- [Dataset records]
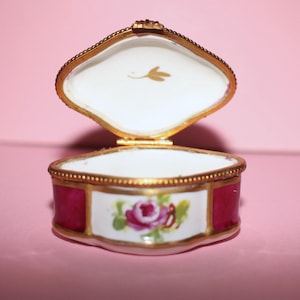 May include: An open porcelain trinket box with a hinged gold-tone metal rim. The exterior features alternating panels of deep magenta and white with a hand-painted pink rose motif. The interior lid displays a small gold leaf illustration on white.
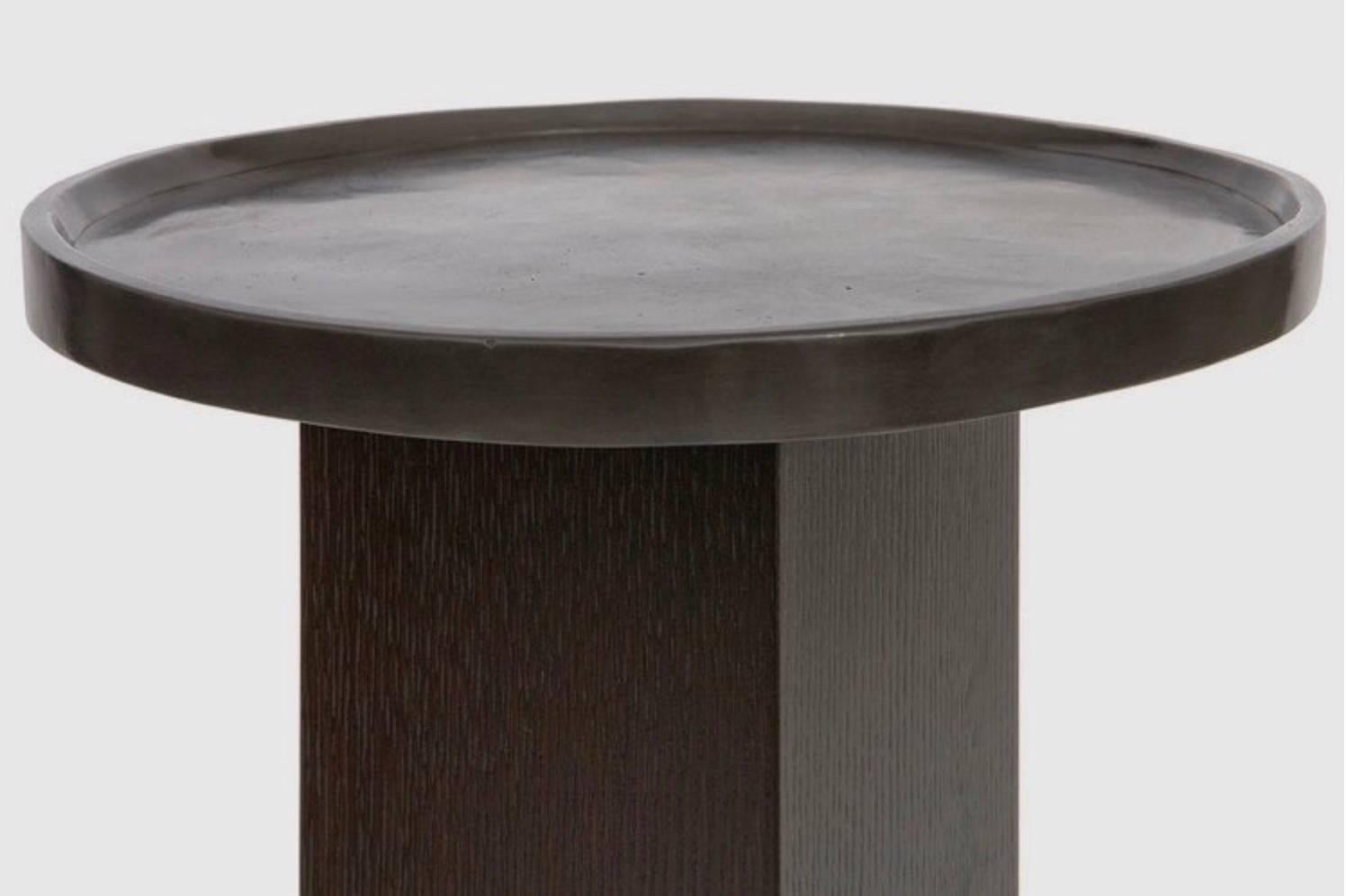 The sturdy rift-sawn oak pedestal supports a functional cast-bronze tray finished with an antiqued patina in this stylish yet sensible accent table. Use it in a living room to display decorative items such as sculptures or busts and plant-filled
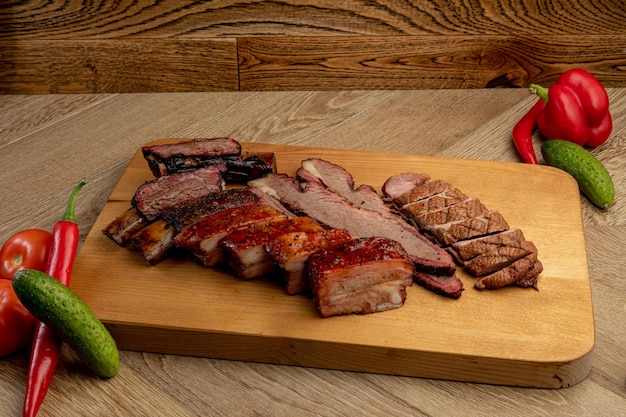 Assorted smoked meats served on a wooden tray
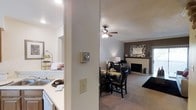 This two-floor residence offers a thoughtfully designed layout that balances comfort and functionality. The main living area is anchored by a classic fireplace framed by a clean white mantel, creating a warm and inviting focal point. A ceiling fan overhead ensures year-round comfort while adding to the room's approachable charm. The living space flows seamlessly into a dedicated dining area, accommodating a full dining set ideal for everyday meals and entertaining alike. Neutral-toned carpeting throughout the living and dining spaces contributes to a soft, cohesive aesthetic. Adjacent to the dining area, the kitchen features light countertops and ample workspace, with an open pass-through that maintains a sense of connectivity between the cooking and living zones. The textured ceiling and neutral wall tones throughout provide a versatile backdrop suited to a variety of interior styles. With two floors of living space, this residence provides room for distinct living and private areas, making it a practical and comfortable home. The overall ambiance is welcoming and well-appointed, with functional details integrated throughout.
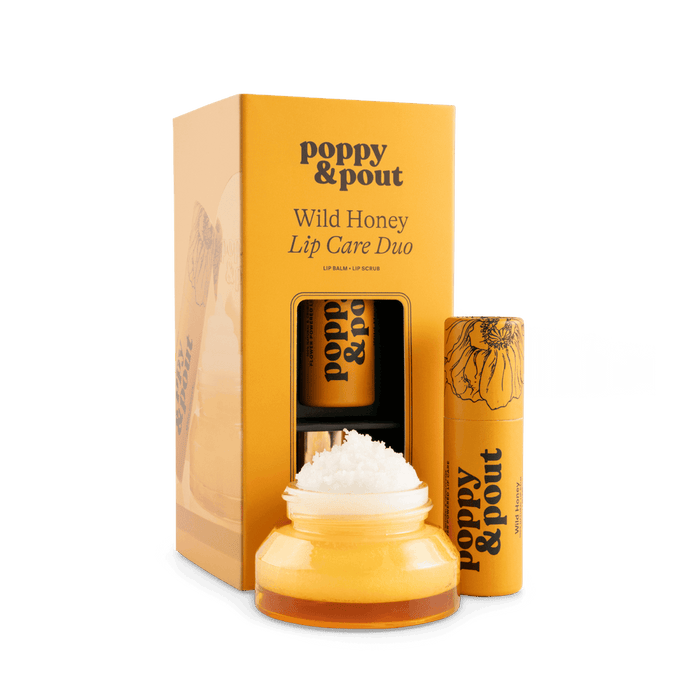 Lip care duo set with Wild Honey balm jar, lip scrub tube, and gift box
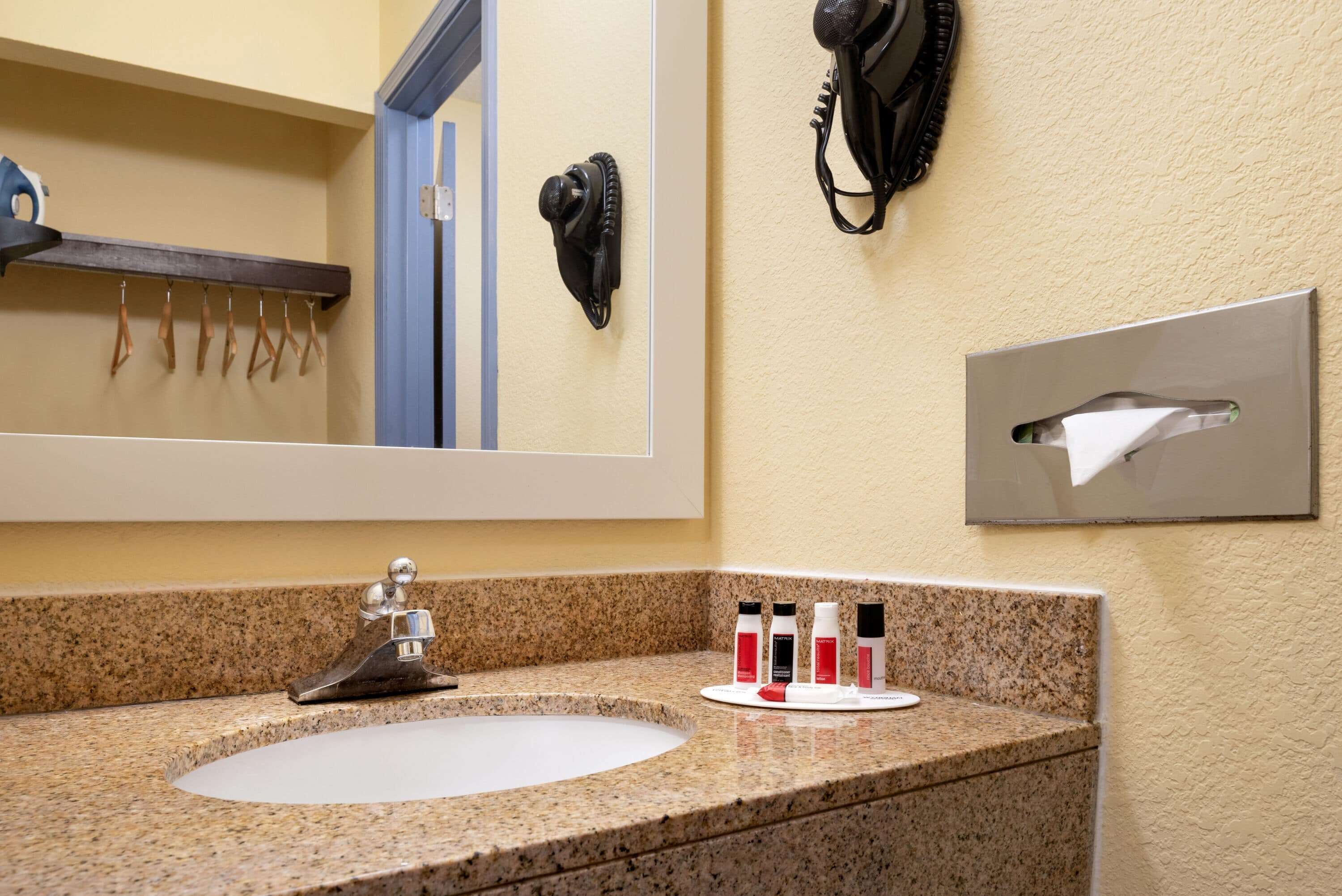 Baño con encimera de granito, lavamanos, espejo, teléfono y dispensador de toallas.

- [Work request] What is needed is a word-for-word transcription of all the entries, with the pictures dropped.

- [Task result]
 May include: An open porcelain trinket box with a hinged gold-tone metal rim. The exterior features alternating panels of deep magenta and white with a hand-painted pink rose motif. The interior lid displays a small gold leaf illustration on white.
 The sturdy rift-sawn oak pedestal supports a functional cast-bronze tray finished with an antiqued patina in this stylish yet sensible accent table. Use it in a living room to display decorative items such as sculptures or busts and plant-filled
 Assorted smoked meats served on a wooden tray
 This two-floor residence offers a thoughtfully designed layout that balances comfort and functionality. The main living area is anchored by a classic fireplace framed by a clean white mantel, creating a warm and inviting focal point. A ceiling fan overhead ensures year-round comfort while adding to the room's approachable charm. The living space flows seamlessly into a dedicated dining area, accommodating a full dining set ideal for everyday meals and entertaining alike. Neutral-toned carpeting throughout the living and dining spaces contributes to a soft, cohesive aesthetic. Adjacent to the dining area, the kitchen features light countertops and ample workspace, with an open pass-through that maintains a sense of connectivity between the cooking and living zones. The textured ceiling and neutral wall tones throughout provide a versatile backdrop suited to a variety of interior styles. With two floors of living space, this residence provides room for distinct living and private areas, making it a practical and comfortable home. The overall ambiance is welcoming and well-appointed, with functional details integrated throughout.
 Lip care duo set with Wild Honey balm jar, lip scrub tube, and gift box
 Baño con encimera de granito, lavamanos, espejo, teléfono y dispensador de toallas.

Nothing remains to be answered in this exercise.